Sujeito Zero (8)
* Por Sergio Vilas Boas
Ainda há tempo
para eu
declinar do nosso “contrato”, Alma? Suspeito que Seu Edmundo não é o tipo ideal
para protagonizar a minha primeira investida no livre-arbítrio da ficção. Vocês
dois me obrigam a ficar montando e desmontando peças tão minúsculas quanto os
mecanismos de um relógio de pulso. Sei, eu devia estar apaixonado pelo que
faço, ou fazer-me apaixonar. Mas...
O que me falta? Desgraçada pergunta.
Talvez eu seja um viciado em correspondências, diários, gravações, ensaios e
outras contrapartidas; ou a minha mente esteja condicionada à utopia da
objetividade; ou talvez tenha me tornado um dependente químico que precisa de
álcool para imaginar e de imaginação para começar a beber.

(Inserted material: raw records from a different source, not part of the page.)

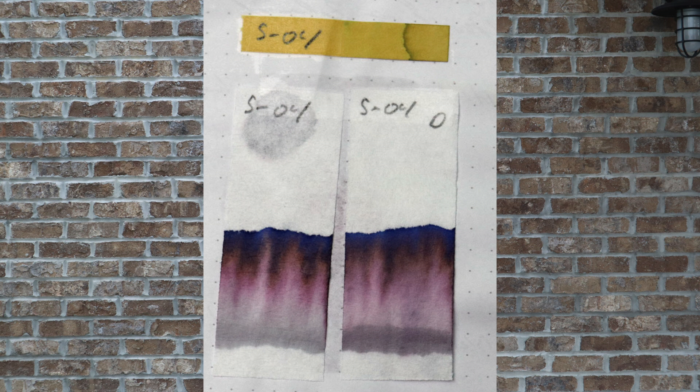Up first is the chromatography. The one on the left is done the way it's supposed to be done — I put a line of ink down and immediately dunk it into water for 10 to 15 seconds. We see a grayish line on the bottom, a nice light purple work its way up, becoming a darker purple, and then a dark blue across the top.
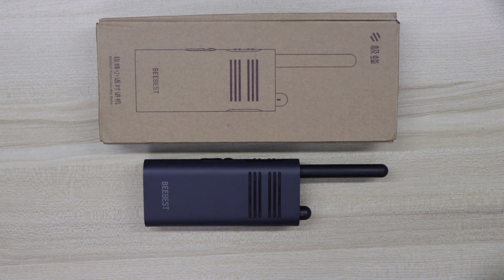Hey guys, welcome back to the channel. In this video I'm going to review the BeBest A208 walkie-talkie, which is a product that was jointly produced with the Xiaomi brand.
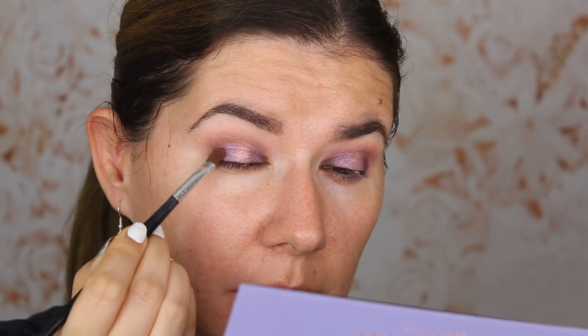I'm going to use 'Drama' again in the corners because I feel I blended it away a little bit. Then I want to take the smaller brush and go in with 'Passion', the darkest matte shade, back into the crease just to deepen it. That's going to complete the look — it looks better. Then I'll take a fluffy blending brush and go back in with the first shade 'Love' in the crease and blend everything together.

Você me ofereceu uma serpente cifrada.
Na medida do possível, procuro preencher as lacunas de suas anotações com
imaginação, este recurso precioso que nunca me permiti utilizar antes. Mas a
narrativa tropeça, solavanca e, cada vez que isto acontece, me martirizo.
Sinto-me o próprio Sujeito Zero,
Alma, o braço direito de uma autêntica montagem, o astro improvável de uma
legítima armação.
Seu Sujeito
é ininteligível em estado bruto. Ontem saí tresloucado à cata de alguma
coerência em suas notas. Lá na frente entendi que elas não se encaixavam.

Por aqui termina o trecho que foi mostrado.